◆ **YOUR TASK**
For the entries below, the result should be an exact transcription of the lines from the one with "wild boar in the forest" up to and including the one with "自然栽培Q&A 土と苗の基本", and only those.

◆ **EXERCISE DATA**
----------------------------------------
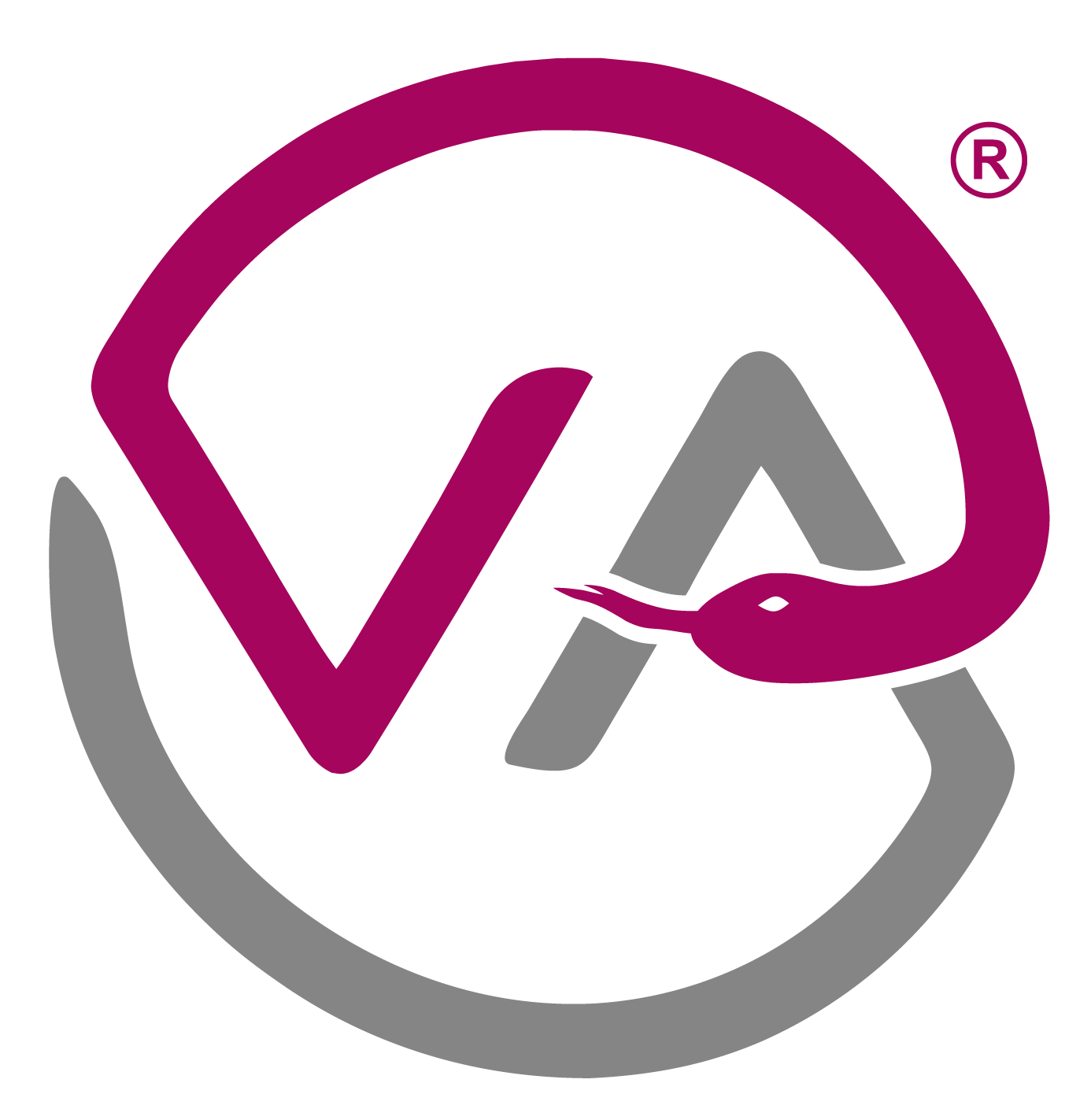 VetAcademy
----------------------------------------
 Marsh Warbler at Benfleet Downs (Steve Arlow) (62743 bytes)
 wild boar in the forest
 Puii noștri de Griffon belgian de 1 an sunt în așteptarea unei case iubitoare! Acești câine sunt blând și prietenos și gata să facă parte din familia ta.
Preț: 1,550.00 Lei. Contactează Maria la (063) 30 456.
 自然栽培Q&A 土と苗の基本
----------------------------------------
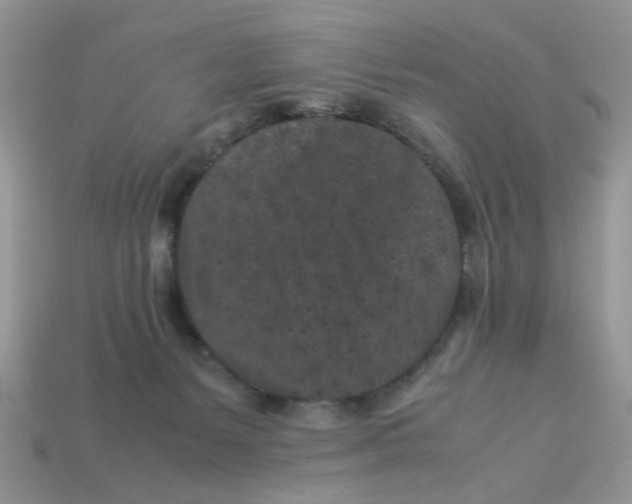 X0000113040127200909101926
----------------------------------------
◆ **SOLUTION TO THIS EXERCISE**
 wild boar in the forest
 Puii noștri de Griffon belgian de 1 an sunt în așteptarea unei case iubitoare! Acești câine sunt blând și prietenos și gata să facă parte din familia ta.
Preț: 1,550.00 Lei. Contactează Maria la (063) 30 456.
 自然栽培Q&A 土と苗の基本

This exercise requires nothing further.